DE STADSMENS DEGENEREERT DOOR DOMESTICATIE

Zo verscheen er in 1940 een bijdrage van zijn hand in het Zeitschrift für Angewandte Psychologie und Characterkunde, en in 1943 in het Zeitschrift für Tierpsychologie. Daarin wijdde Lorenz omstandig uit over het feit dat er bij de mens – en vooral de stadsmens – degeneratieverschijnselen optraden als gevolg van domesticatie. Gelukkig bestond er ook een menselijke “raszuiverheid”, in analogie met de Wildformen van de huisdieren die hij bestudeerde. Alleen bleek het, jammer genoeg, moeilijk om die raszuivere mensen te herkennen.

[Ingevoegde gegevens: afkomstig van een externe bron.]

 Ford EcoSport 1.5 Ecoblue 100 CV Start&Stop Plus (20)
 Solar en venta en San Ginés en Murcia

Maar daarom niet getreurd: “In dit verband moeten we rekenen op onze eigen aangeboren schema’s, op ons gevoelsmatig reageren op verschijnselen van degeneratie. Een goede mens merkt zeer goed of een andere al dan niet een schoft is.”

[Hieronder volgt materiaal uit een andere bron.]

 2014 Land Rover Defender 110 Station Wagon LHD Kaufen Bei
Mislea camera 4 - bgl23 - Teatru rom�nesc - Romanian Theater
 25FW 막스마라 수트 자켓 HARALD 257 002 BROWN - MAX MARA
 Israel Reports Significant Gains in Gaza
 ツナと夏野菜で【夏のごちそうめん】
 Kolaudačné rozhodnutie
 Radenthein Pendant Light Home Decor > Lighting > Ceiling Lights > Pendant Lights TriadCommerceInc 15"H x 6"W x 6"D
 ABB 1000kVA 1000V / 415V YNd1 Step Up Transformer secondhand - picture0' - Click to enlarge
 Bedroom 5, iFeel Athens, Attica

Vervolgens deed Lorenz een uitspraak, waarvan hij zelf toegaf dat die uit de mond van een analytische natuurvorser nogal eigenaardig kon klinken. Hij pleitte er namelijk voor om bij het nastreven van een raszuiver volk ook niet-analyseerbare aspecten mee te laten spelen. Zo konden de nazi’s alle kanten uit.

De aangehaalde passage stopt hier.